When President Barack Obama addressed equal-pay laws for women, while also calling for a rise in minimum wage, during Tuesday's State of the Union address, the chamber rose for a standing ovation. Some Republicans, including House Speaker John Boehner (R-Ohio), did not.
“Of course, nothing helps families make ends meet like higher wages. That’s why this Congress still needs to pass a law that makes sure a woman is paid the same as a man for doing the same work. Really. It’s 2015. It’s time," Mr. Obama said during the speech.
But not everyone agrees. Since 2011, the House of Representatives has twice rejected the Paycheck Fairness Act, which would require employers to show that any wage differences among employees are not gender-related. It would also bar retaliation against employees who discuss their pay and would require federal contractors to report pay and demographic data about their employees to the Labor Department.
Why have Republicans resisted the bill?
One reason given by Republican opponents to a bill legislating equal pay for women is the belief that it would effectively discourage employers from hiring women and push up overall labor and administrative costs, and it would prompt more lawsuits over unsatisfactory wages.
"At a time when the Obama economy is already hurting women so much, this legislation would double down on job loss, all while lining the pockets of trial lawyers," then-Senate Minority Leader Mitch McConnell (R) of Kentucky said before the last vote on the bill, reported the Huffington Post. "In other words, it's just another Democratic idea that threatens to hurt the very people that it claims to help."

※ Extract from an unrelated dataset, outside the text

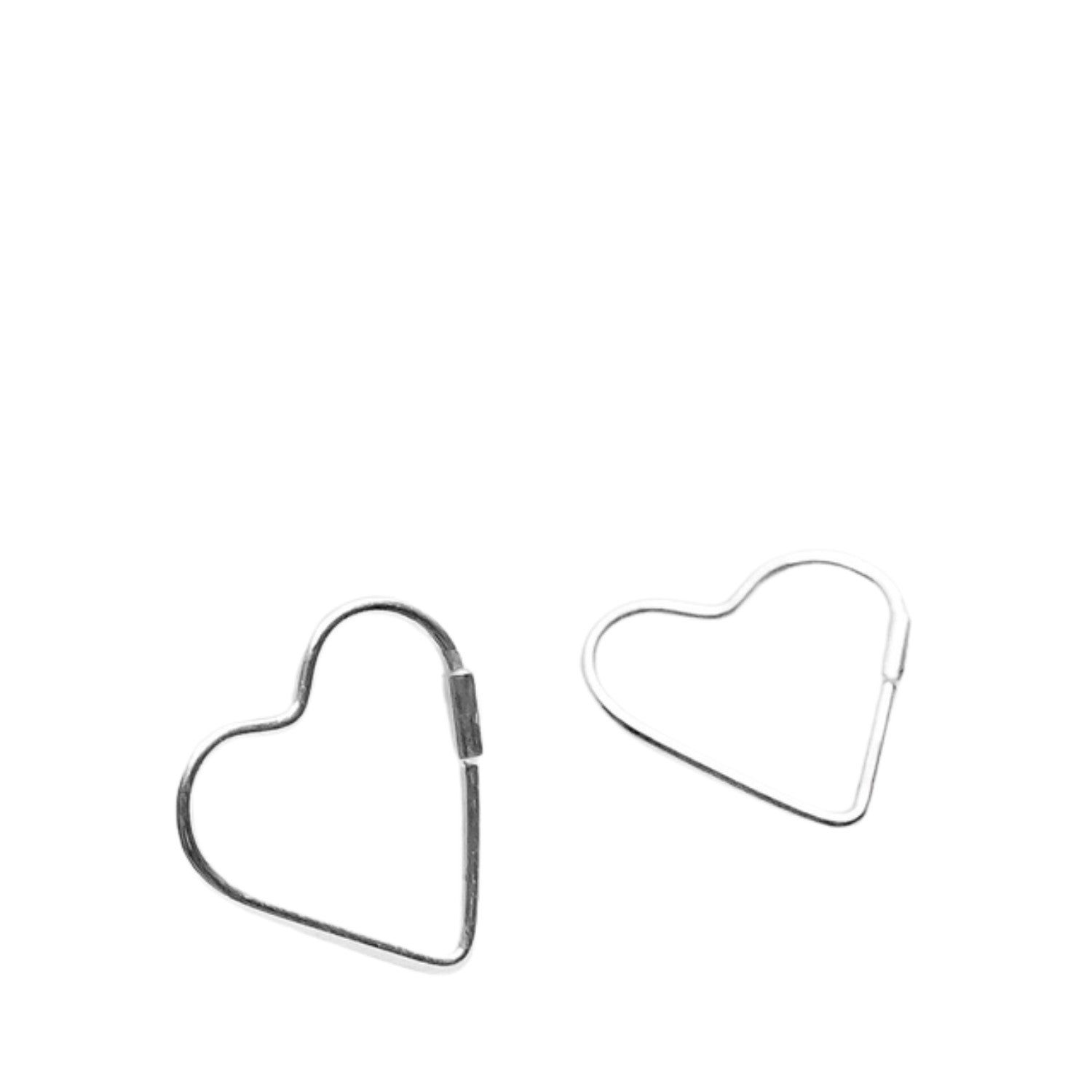 Heart-shaped Earrings for Women Handcrafted 925 Sterling Silver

Republicans say that they agree with equal pay for equal work, and that it’s illegal to discriminate based on gender. But they add that the Paycheck Fairness Act is not the solution because it would cut flexibility in the workplace for working mothers and end merit-based pay.
A number that Democrats consistently mention is that on average, women make 77 cents to every dollar made by men. While this is accurate, White House economist Betsey Stevenson cautioned against misinterpretation in a previous interview with The Monitor.
“Seventy-seven cents captures the annual earnings of full-time, full-year women divided by the annual earnings of full-time, full-year men,” Stevenson said. “There are a lot of things that go into that 77-cents figure, there are a lot of things that contribute and no one’s trying to say that it’s all about discrimination, but I don’t think there’s a better figure.”